2.2 NAT-DNN-based feature enhancement

In conventional DNN-based feature enhancement, the training is off-line because only a single magnitude feature is used for the regression function (Xu et al. 2015), as shown in Fig. 1a. Although the mapping function can effectively deal with a previously seen noisy condition, an evaluation of mismatched noise types might affect the generalization capabilities of a non-speech segment owing to unseen noisy speech whose distortion characteristics are not similar to those of the training data. To solve this problem, NAT-DNN is applied to enable noise awareness. In this process, DNN is fed with a feature augmented with its corresponding estimation of the noise using a conventional minimum MSE (MMSE)-based noise estimation (Hendriks 2010). Hence, the DNN can use additional on-line noise information to improve the prediction of the clean feature.

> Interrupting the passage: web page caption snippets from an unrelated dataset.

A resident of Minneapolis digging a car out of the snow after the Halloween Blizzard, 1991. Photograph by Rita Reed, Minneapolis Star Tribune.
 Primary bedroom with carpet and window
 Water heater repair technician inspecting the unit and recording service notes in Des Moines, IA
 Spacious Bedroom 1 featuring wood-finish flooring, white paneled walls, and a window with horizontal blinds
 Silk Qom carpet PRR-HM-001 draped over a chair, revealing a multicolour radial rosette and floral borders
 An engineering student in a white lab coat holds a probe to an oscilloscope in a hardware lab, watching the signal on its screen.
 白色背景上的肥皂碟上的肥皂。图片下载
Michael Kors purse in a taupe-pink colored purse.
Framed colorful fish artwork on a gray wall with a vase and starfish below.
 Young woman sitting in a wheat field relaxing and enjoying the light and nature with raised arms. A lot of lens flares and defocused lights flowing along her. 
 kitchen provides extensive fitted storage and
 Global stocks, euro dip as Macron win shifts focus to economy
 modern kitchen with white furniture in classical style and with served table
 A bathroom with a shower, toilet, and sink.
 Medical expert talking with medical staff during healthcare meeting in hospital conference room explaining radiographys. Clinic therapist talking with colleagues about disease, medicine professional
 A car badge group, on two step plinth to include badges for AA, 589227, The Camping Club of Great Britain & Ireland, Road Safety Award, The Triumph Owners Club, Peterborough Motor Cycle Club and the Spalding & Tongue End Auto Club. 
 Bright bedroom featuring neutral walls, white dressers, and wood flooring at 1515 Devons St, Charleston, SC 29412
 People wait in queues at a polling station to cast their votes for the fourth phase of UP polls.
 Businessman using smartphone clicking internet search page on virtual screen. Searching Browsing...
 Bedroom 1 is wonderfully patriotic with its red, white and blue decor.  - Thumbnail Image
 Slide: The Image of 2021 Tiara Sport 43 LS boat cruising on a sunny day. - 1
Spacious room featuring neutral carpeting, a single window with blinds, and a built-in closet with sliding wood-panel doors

The input vector of the DNN with the noise estimate is constructed as follows:

$$\begin{aligned} \hat{Y}_{{\eta }-\tau }^{{\eta }+\tau }=[A_{{\eta }-\tau },\hat{Z}_{{\eta }-\tau },\ldots ,A_{{\eta }},\hat{Z}_{{\eta }}, \ldots ,A_{{\eta }+\tau },\hat{Z}_{{\eta }+\tau }] \end{aligned}$$
(3)

where \(A_{{\eta }}\) represents the magnitude-based feature vector of the current noisy speech frame \({\eta }\), where the window size is \(2*\tau +1\), and \(\hat{Z}_{{\eta }}\) is the noise estimation based on MMSE (Tong et al. 2006). In this procedure, the DNN is trained from the parallel data of the reference feature consisting of magnitude-based feature samples (MFCCs), like the traditional DNN and noise corrupted feature input vector \(\hat{Y}_{{\eta }-\tau }^{{\eta }+\tau }\) of Eq. (3). The features are aligned at frame level. After training, the trained network can predict the underlying clean features when given noisy features, as shown in Fig. 1b.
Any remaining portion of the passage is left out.